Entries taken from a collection
--------
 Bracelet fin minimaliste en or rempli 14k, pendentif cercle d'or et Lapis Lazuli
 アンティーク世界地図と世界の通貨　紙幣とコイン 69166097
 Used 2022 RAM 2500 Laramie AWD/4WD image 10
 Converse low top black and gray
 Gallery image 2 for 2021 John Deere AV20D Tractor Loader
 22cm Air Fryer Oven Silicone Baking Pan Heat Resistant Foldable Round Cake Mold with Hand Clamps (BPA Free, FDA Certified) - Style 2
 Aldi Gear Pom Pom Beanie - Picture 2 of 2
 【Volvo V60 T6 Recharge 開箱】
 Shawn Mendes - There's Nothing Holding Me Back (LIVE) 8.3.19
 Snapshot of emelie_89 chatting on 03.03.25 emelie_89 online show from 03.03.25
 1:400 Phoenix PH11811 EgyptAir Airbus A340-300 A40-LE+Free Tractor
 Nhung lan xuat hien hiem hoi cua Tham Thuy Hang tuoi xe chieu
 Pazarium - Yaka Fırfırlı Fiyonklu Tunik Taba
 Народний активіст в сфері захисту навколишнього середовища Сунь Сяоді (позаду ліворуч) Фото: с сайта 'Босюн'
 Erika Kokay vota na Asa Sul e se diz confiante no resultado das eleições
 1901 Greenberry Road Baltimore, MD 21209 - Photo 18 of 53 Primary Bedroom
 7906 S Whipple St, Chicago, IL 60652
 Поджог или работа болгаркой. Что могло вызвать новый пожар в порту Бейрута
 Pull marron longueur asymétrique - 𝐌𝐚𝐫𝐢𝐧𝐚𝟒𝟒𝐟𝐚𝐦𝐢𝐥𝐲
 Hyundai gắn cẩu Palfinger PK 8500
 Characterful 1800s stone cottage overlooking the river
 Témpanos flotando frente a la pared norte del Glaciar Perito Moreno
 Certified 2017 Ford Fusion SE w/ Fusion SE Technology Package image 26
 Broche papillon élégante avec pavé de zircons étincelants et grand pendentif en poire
--------
Give every entry again, character for character.

 Bracelet fin minimaliste en or rempli 14k, pendentif cercle d'or et Lapis Lazuli
 アンティーク世界地図と世界の通貨　紙幣とコイン 69166097
 Used 2022 RAM 2500 Laramie AWD/4WD image 10
 Converse low top black and gray
 Gallery image 2 for 2021 John Deere AV20D Tractor Loader
 22cm Air Fryer Oven Silicone Baking Pan Heat Resistant Foldable Round Cake Mold with Hand Clamps (BPA Free, FDA Certified) - Style 2
 Aldi Gear Pom Pom Beanie - Picture 2 of 2
 【Volvo V60 T6 Recharge 開箱】
 Shawn Mendes - There's Nothing Holding Me Back (LIVE) 8.3.19
 Snapshot of emelie_89 chatting on 03.03.25 emelie_89 online show from 03.03.25
 1:400 Phoenix PH11811 EgyptAir Airbus A340-300 A40-LE+Free Tractor
 Nhung lan xuat hien hiem hoi cua Tham Thuy Hang tuoi xe chieu
 Pazarium - Yaka Fırfırlı Fiyonklu Tunik Taba
 Народний активіст в сфері захисту навколишнього середовища Сунь Сяоді (позаду ліворуч) Фото: с сайта 'Босюн'
 Erika Kokay vota na Asa Sul e se diz confiante no resultado das eleições
 1901 Greenberry Road Baltimore, MD 21209 - Photo 18 of 53 Primary Bedroom
 7906 S Whipple St, Chicago, IL 60652
 Поджог или работа болгаркой. Что могло вызвать новый пожар в порту Бейрута
 Pull marron longueur asymétrique - 𝐌𝐚𝐫𝐢𝐧𝐚𝟒𝟒𝐟𝐚𝐦𝐢𝐥𝐲
 Hyundai gắn cẩu Palfinger PK 8500
 Characterful 1800s stone cottage overlooking the river
 Témpanos flotando frente a la pared norte del Glaciar Perito Moreno
 Certified 2017 Ford Fusion SE w/ Fusion SE Technology Package image 26
 Broche papillon élégante avec pavé de zircons étincelants et grand pendentif en poire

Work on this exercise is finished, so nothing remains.